After loading the network
package, I have an issue with the summary.data.frame
function: if a column of class "character"
is present, instead of the usual output, summary will print the values from all rows, prepended by NULL:
. Here's a toy example:
test <- data.frame(a=c("some", "char", "vector", "with",
"many", "many", "words"),
b=1:7, stringsAsFactors = FALSE)
# Expected behaviour
summary(test$a)
## Length Class Mode
## 7 character character
summary(test)
## a b
## Length:7 Min. :1.0
## Class :character 1st Qu.:2.5
## Mode :character Median :4.0
## Mean :4.0
## 3rd Qu.:5.5
## Max. :7.0
library("network")
## network: Classes for Relational Data
## Version 1.13.0 created on 2015-08-31.
## ...
# Behavior after loading network:
summary(test$a)
## char many some vector with words
## 1 2 1 1 1 1
summary(test)
## a b
## NULL:some Min. :1.0
## NULL:char 1st Qu.:2.5
## NULL:vector Median :4.0
## NULL:with Mean :4.0
## NULL:many 3rd Qu.:5.5
## NULL:many Max. :7.0
## NULL:words
Note that the output includes all elements of the character vector, including repetitions, so you get 1000 lines of summary for 1000 rows, which renders the summary function unusable. This behavior stays after detaching the network package, until restart of a new R session.
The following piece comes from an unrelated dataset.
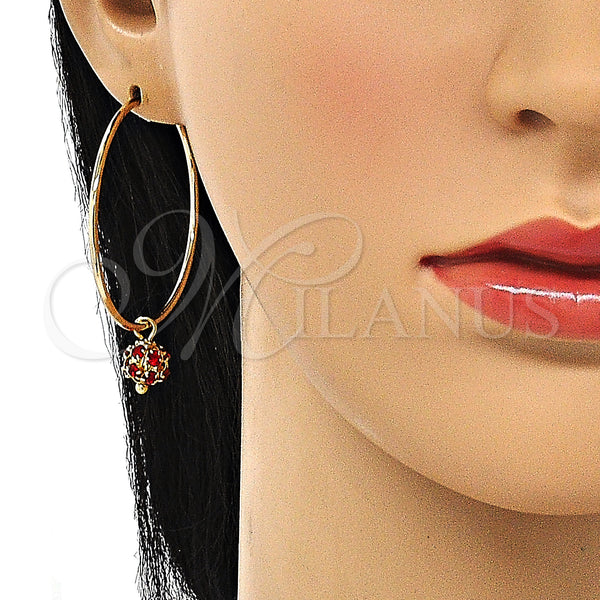 Gold Filled Hoop Earrings — Medium Hoop with Garnet Crystal Polished 02.63. — alternate product view — SKU 147947 | Oro Laminado aretes de aro — Medium Hoop with Garnet cristal pulido 02.63. — SKU 147947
What goes wrong: normally UseMethod("summary")
for character vectors calls summary.default
, which produces the normal output, which has names
.
summary.default(test$a)
## Length Class Mode
## 7 character character
names(summary.default(test$a))
## [1] "Length" "Class" "Mode"
The network package defines a summary.character
function, which simply adds a "summary.character"
class to the character object, such that its print calls network::print.summary.character
, which produces the table with up to 10
most frequent values. The object itself is unchanged, so its names
is NULL
.
summary.character
## function (object, ...)
## {
## class(object) <- c("summary.character", class(object))
## object
## }
## <environment: namespace:network>
summary.character(test$a)
## char many some vector with words
## 1 2 1 1 1 1
names(summary.character(test$a))
## NULL
class(summary.character(test$a))
## [1] "summary.character" "character"
length(summary.character(test$a))
## [1] 7
as.character(summary.character(test$a))
## [1] "some" "char" "vector" "with" "many" "many" "words"
The trouble comes from these three lines in summary.data.frame
:
sms <- format(sms, digits = digits)
lbs <- format(names(sms))
sms <- paste0(lbs, ":", sms, " ")
It's inside a for
loop over columns, where sms
is the output of summary
for the current column. For the output of summary.character
, sms
is actually the whole column, and names(sms)
is NULL
, hence the issue.
The core cause of the problem is that summary.character
returns the original object, instead of its summary representation, which is delegated to print.summary.character
. summary.data.frame
just pastes it with the other summaries, dumping the whole column.
Any idea on how to fix this without diving into the sources of network
would be very appreciated.
I found a turnaround this, unfortunately it involves "polluting" R namespace a bit more (to cite @steveb's comments), by defining a function format.summary.character
that restores the expected behavior of the code inside summary.data.frame
. The function is inspired by format.factor
:
format.summary.character <- function(x, ...) {
s <- summary.default(as.character(x), ...)
format(structure(as.character(s), names = names(s), dim = dim(s),
dimnames = dimnames(s)), ...)
}
After defining this function, the output of summary for character vector is still controlled by summary.character
, but the output for summary.data.frame
goes back to normal.
summary(test$a) # still calling summary.character
## char many some vector with words
## 1 2 1 1 1 1
summary(test) # back to normal
## a b
## Length:7 Min. :1.0
## Class :character 1st Qu.:2.5
## Mode :character Median :4.0
## Mean :4.0
## 3rd Qu.:5.5
## Max. :7.0
##